Overall Grade: ⭐️ ⭐️ ⭐️ ⭐️ ⭐️

I’m never quite sure why I’m surprised at Saffron A. Kent’s capacity to craft a romance. As I began reading her newest book, My Darling Arrow, each turn of the page reminded me why I adore her stories. I think when you read an author you get a sense of the things in life that are important to them as they spin their stories. For some, it’s social justice issues; for others, it’s simply to entertain. For even others, it’s to provide you with the most titillating $exual experiences. There is something about wanting to shock your readers. When you enter a Saffron A. Kent romance, you find a world of psychology, namely psychology of the human spirit. Underscoring her characters’ journeys towards each other lies a truth about human nature, generally an emotional one. And My Darling Arrow is no different. In fact, the tenets of Kent’s brand of romance are found again and again in her stories, and it feels like wrapping yourself in an old family quilt, an heirloom of the past. There are qualities to her writing that pin you again and again to her pages, and My Darling Arrow, like her other books, fails to disappoint. And why? Here goes…

  1. Your heroines are these complex creatures. They are formed from inerrant beings. In other words, the guardians of their lives, parents, guardians, etc, have failed to allow them to exist in their personal truth. Instead, they do it at the cost of acceptance. In doing this, Kent’s heroines are resilient and insightful, setting them apart from society. They are not common, and it’s that quality that you, as the reader, adore, but more importantly, the hero of her story adores. In MDA, Salem is the wisest person in the book. She has the ability to see into the core of the hero, Arrow. And that’s necessary business toward drawing Arrow and Salem together. What I found interesting, and what I imagine most of Kent’s readers will miss, is that the name Salem means “peace.” In the story, Salem aligns herself with the Salem Witch Trials in describing her eyes and her heart as “witchy.” However, the true depth of Salem lies in the meaning behind her name because, through the brilliance of Kent’s writing, we realize quickly that she is the peace bridge for Arrow. That is compelling and interesting and gives you goosebumps when you realize the gravity of their relationship.

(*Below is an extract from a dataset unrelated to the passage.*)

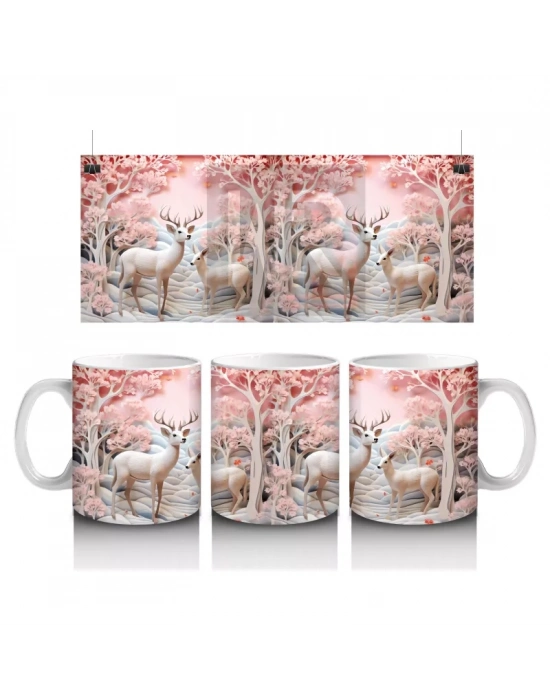 Pembe Çiçekler Arasında Geyik Çifti – Baskılı Kahve Kupası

We see these quirky, marginalized heroines over and over again in Kent’s romances, and she allows them to be the focus of her romances in ways that other romance authors fail to create. 
  2. Saffron A. Kent’s heroes are broken. Usually, however, Kent hides their fissures behind a staid, socially acceptable veneer. As the voyeur reader, though, we see where the heroine has the capacity to mend those cracks and fissures. It doesn’t happen easily, though, because the hero’s journey is a reluctant one. They are afraid to drop their facade and embrace the love of the heroine. In MDA, there are two very brilliant aspects of Arrow’s characterization: his name and his journey. As Salem pours out herself onto Arrow, time and time again, his emotions become figurative arrows at her. As “peace,” she absorbs them into herself, allowing Arrow’s evolution. Without these moments, Arrow cannot change; he cannot be a better version of himself. That Kent personifies him is a nod to her writing genius. Even more, one of the psychological movements of this story exists wholly in Arrow’s characterization. I won’t reveal it here because readers need to find it for themselves, but it’s the core of the book. And given the world we live in, this message is a necessary one. I know that, as a parent, I find myself in Arrow’s mother, Leah. Not to the extent of this story, but there is a keen truth about parents in this book about pushing achievement in our children. Kent’s story is an warning about that, and Arrow’s characterization shows the power that parents hold over their children’s development. 
  3. From the metaphors of the bridge to the allusions of the names of Salem’s friends and their hometowns, there is a writerly quality to this book that this book lit nerd adored. Saffron A. Kent pulled on the mechanisms of Victorian literature for it, and it elevated her storytelling. In fact, for me, this is one of her best pieces of writing to date. Each little Easter Egg tickled my fancy and made me fall deeper in love with Kent as a writer.
  4. The ultimate message of My Darling Arrow is purposeful. This is always intentional with Kent. I love that she takes these emotional truths and twists in the psychology of her characters. In the last book, we dealt with bullying and the consequences of it to one’s sense of self. In this book, Kent reminds us that life is messy. It’s meant to feel lived in, not buttoned up. It’s an adventure, and that adventure is fraught with as many failures as successes. That’s powerful for younger generations who have been raised to succeed with helicopter parents who have stepped in to protect their children from failing. We see the issues with that in this story, and it feels compelling in its elaboration. 
  5. Lastly, a Saffron A. Kent romance would be empty without a heroine whose love is BIG, almost too big for their souls that they suffer in bridling it. For me, that is often my favorite part. In most of her stories, they deny themselves of those feelings because there is a forbidden element of Kent’s heroic relationships. However, as is the case in every one of her books, the love cannot be contained, and the hero requires that depth of love to fill the cracks of his soul. In a world where love seems diminished, you can’t help but love this about Kent’s romances. In My Darling Arrow, there is so much of this, and the mechanics of its revelation feel blessedly old-timey. 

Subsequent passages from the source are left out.